There seems to be some other difficulties with Travis-CI. First, when I visit https://www.travic-ci.org and click _Sign Up_, it wants to use my personal GitHub account. Second, when I open a private browsing window (so my personal GitHub info is not available), it takes me to GitHub to sign up for an account. So it appears I cannot create a Travis-CI account and subsequently ask it to test Crypto++ under Wei's GitHub.

Travis also appears to place a limit on CPU cycles, which is understandable. The limit is reported as 50 minutes; however, our cryptest.sh script takes about 4 hours to run on a modern x86_64 platform.

IlyaBizyaev commented 8 years ago

Hello, Jeffrey! Travis-CI allows you to test only your own repositories. So, if you want to test Crypto++, you have to either fork it and run Travis or to log in using Wei Dai's account. If he activates Crypto++ testing once, everyone will be able to access testing results in all the future releases.

noloader commented 8 years ago

@IlyaBizyaev -

or to log in using Wei Dai's account

Wei is somewhat risk averse. I'm guessing he is going to shy away from allowing Travis-CI the permissions. (I'm also risk averse, and I don't feel comfortable with them).


I see Travis-CI is open source. I also see its available for CentOS. Maybe we can run an instance on the www.cryptopp.com server. Do you have any experience with running your own instance of the service?

noloader commented 8 years ago

What we can use in lieu of Travis-CI

We also came across Buildbot. It looks like we can set it up on cryptopp.com as a master, and then allow it to provide both the i686 and x86_64 slaves. I can provision 3 or 4 ARM devices locally as slaves to the cryptopp.com master.

noloader commented 8 years ago

I'm still working on this... The Buildbot tutorial and 5 minute first run (see here) does not work on two different machines. The master does not start.

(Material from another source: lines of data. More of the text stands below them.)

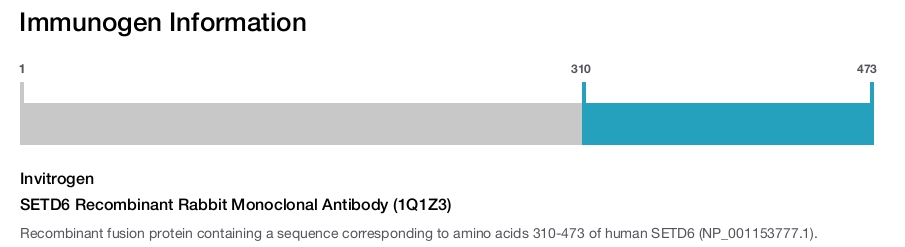 SETD6 Recombinant Rabbit Monoclonal Antibody (1Q1Z3)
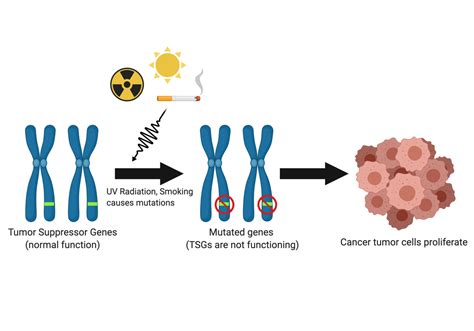 105 - Tumor Suppressor Genes (w/ Pat Faughnan!) — Curioscity: a Science Show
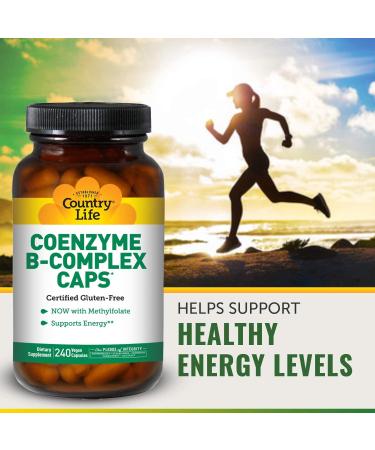 Country Life Coenzyme B-Complex 240 Vegan Capsules | Energy & Immune Support - Buy Online on GoSupps.com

I need to take more time to figure out exactly what is broken behind the scenes. It appears to be something with Python and the Sandbox.

noloader commented 7 years ago

I've been running Travis Appveyor from my fork of Crypto++.

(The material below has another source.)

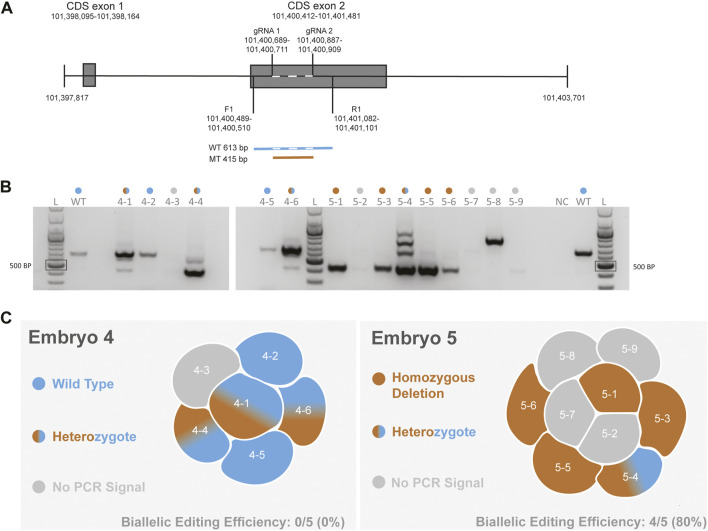 Whole genome sequencing of <i>CCR5</i> CRISPR-Cas9-edited Mauritian cynomolgus macaque blastomeres reveals large-scale deletions and off-target edits.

The downside is I have to manually sync with Wei's Crypto++. Git and hosts like GitHub ad Gist need to address that problem of manual sync's. What they have inadvertently done is taken the Maven Repo problem of one repo with old, outdated unpatched and insecure software and turned it into the Git Repo problem by exponentiating it which results in millions of forks that are old, outdated unpatched and insecure.